◆ **DATASET SECTION**:
%%
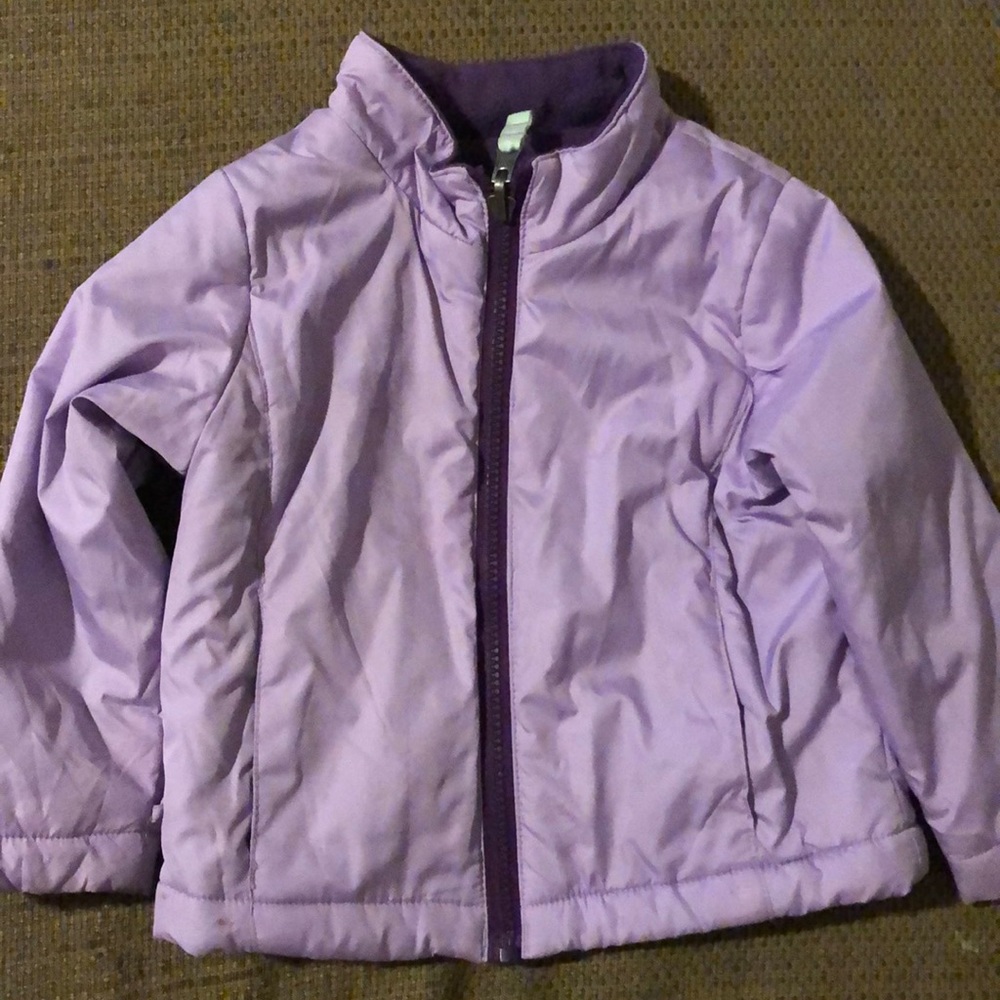 2T Cherokee lightweight jacket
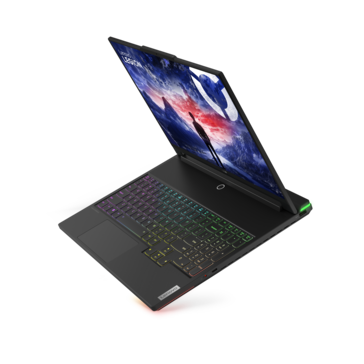 Otwory wentylacyjne Lenovo Legion 9i Gen 9 (zdjęcie za pośrednictwem Lenovo)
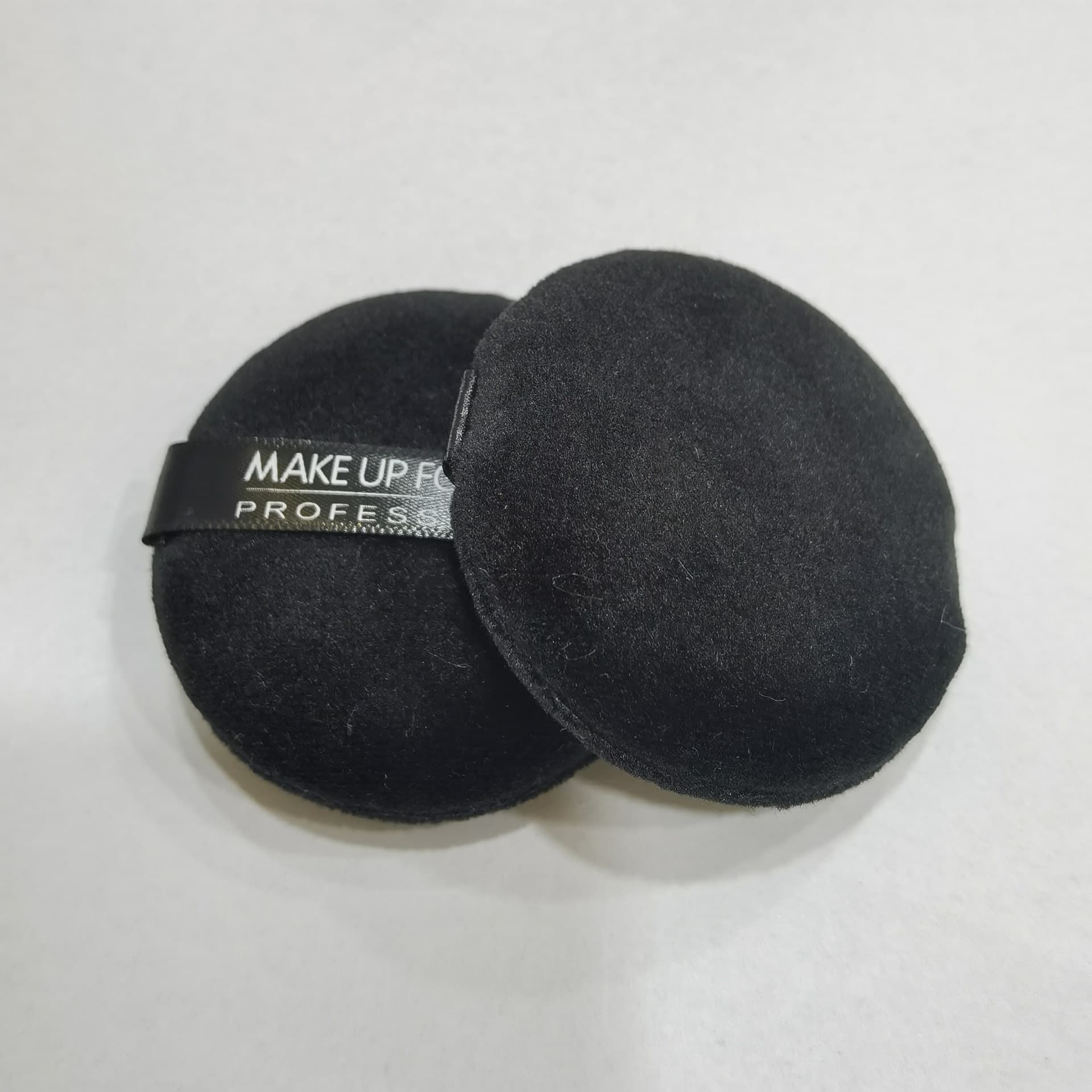 Makeup Same Style Loose Powder Puff Compact Powder Original Replacement Lid Velvet Setting Powder Puff Soft and Fixing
%%
◆ **WHAT TO WORK ON**: The full listing, transcribed exactly and without its pictures, is the expected result.

◆ **TASK RESULT**:
 2T Cherokee lightweight jacket
 Otwory wentylacyjne Lenovo Legion 9i Gen 9 (zdjęcie za pośrednictwem Lenovo)
 Makeup Same Style Loose Powder Puff Compact Powder Original Replacement Lid Velvet Setting Powder Puff Soft and Fixing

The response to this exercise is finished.